New Delhi, July 17: Numaligarh Refinery (NRL) has agreed to pick up 1 million standard cubic metres of gas per day from Oil India’s newly discovered field being developed in Assam.

The agreement was signed here between Bharat Petroleum (BPCL) chairman S. Behuria on behalf of NRL and OIL chairman R. K. Dutta. NRL is a subsidiary of BPCL.

The gas field is situated about 240 kms from NRL and the gas will be supplied through a pipeline by the state government-owned Assam Gas Supply Company. The gas is expected to start flowing to NRL by 2006.

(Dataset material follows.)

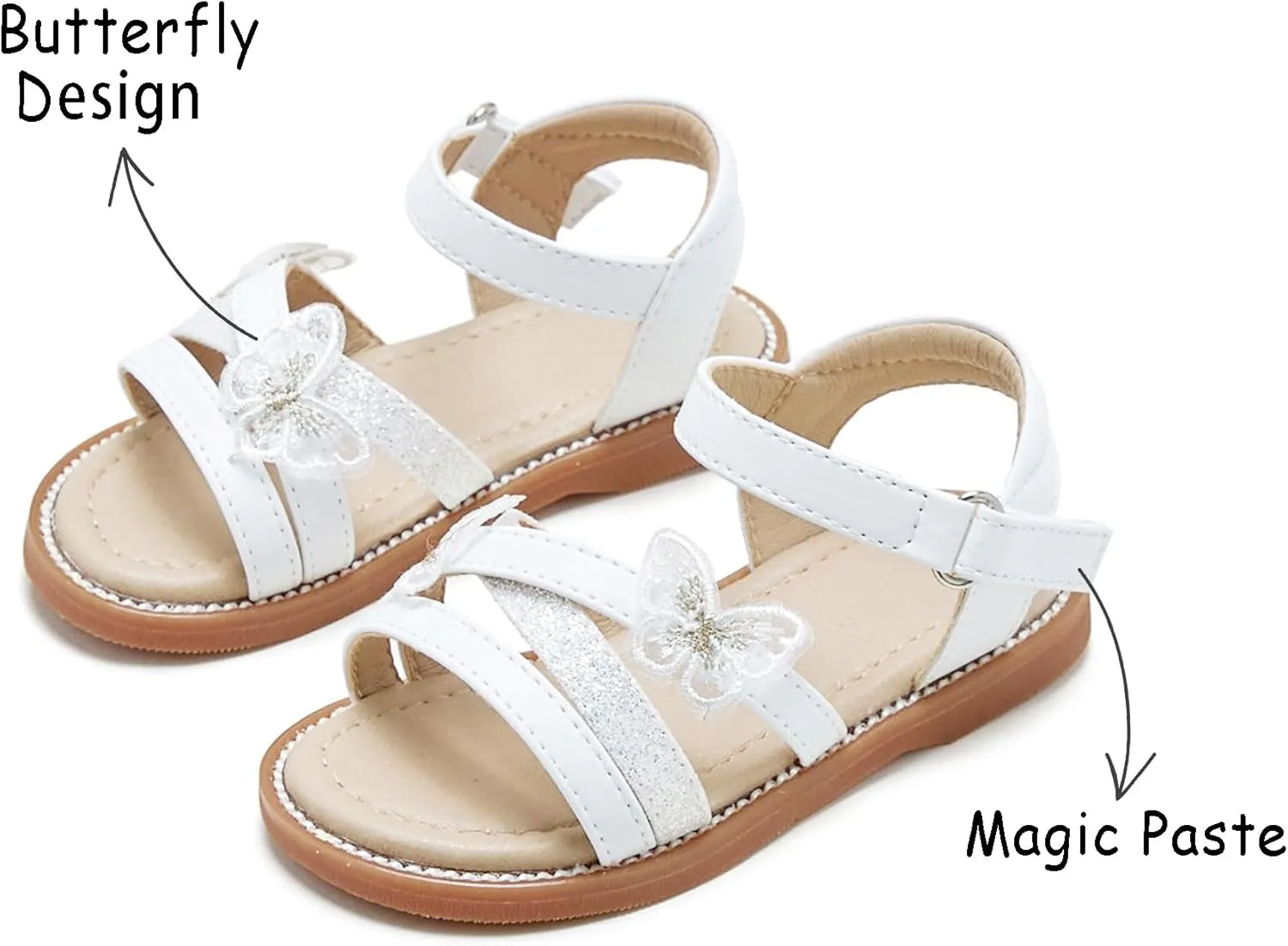 Girls Open Toe Flat Sandals Summer Casual Toddler Little Kid Sandals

NRL will use the gas for captive power generation and for its hydrogen plant. The gas will be a cheaper substitute for the 250,000-tonnes of naphtha that is currently being used.

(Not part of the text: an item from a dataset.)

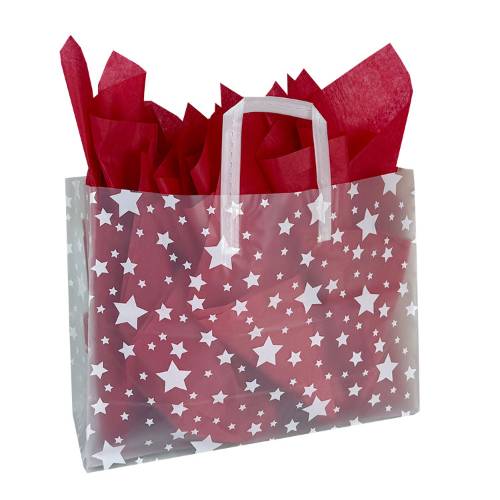 White star print on a frosted clear poly shopping bag with flat loop handles — 16 x 6 x 12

Part of this surplus naphtha could be converted into petrol while the rest can be sold in the open market bringing in higher revenues for NRL.

NRL plans to set up a “reformer unit” at an investment of Rs 300 crore to convert naphtha into petrol.

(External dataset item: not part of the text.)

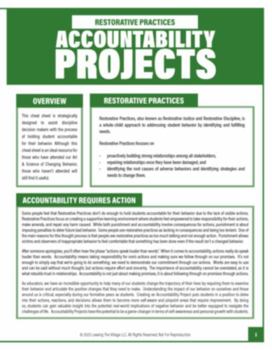 Pamphlet Restorative Practices: Accountability Projects Cheat Sheet Book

OIL has an advantage that it will be able to sell its gas to a nearby unit at the market price. Gas from the older fields of ONGC and OIL can be sold only at regulated prices that are far below the market price. However, the government rules allowed public sector companies to sell gas from any new field that they discover at market prices. At present, only private companies get a market price for their gas.

Sources said that the exact price at which the gas from the OIL field will be sold is still being negotiated but it will be benchmarked to the price that private companies are currently getting for their gas.

OIL expects to produce another 2 million tonnes of gas per year from its new finds in Assam. However, it is reliably learnt that the gas struck in these new fields is methane, which can be made available only for power generation in the state and cannot be used as feedstock for a gas cracker plant.

The new finds will, therefore, have no impact on the feasibility of the gas cracker plant proposed for Assam, which would require ethane as a feedstock.

A senior OIL official told The Telegraph that in another two years, the company will be able to provide an additional 5 to 10 million standard cubic metres per day (MMSCMD) of natural gas from the newly discovered fields. This includes the one trillion in-place reserves struck at Chandmari.

With the gas output of ONGC's Mumbai High fields falling, the oil companies are unable to meet the demand for gas in the country. The country has now started importing liquefied natural gas to fill this gap. However, this gas is more expensive than the domestic gas as it has to be first liquefied and imported on board costly cryogenic ships and regassified on arrival.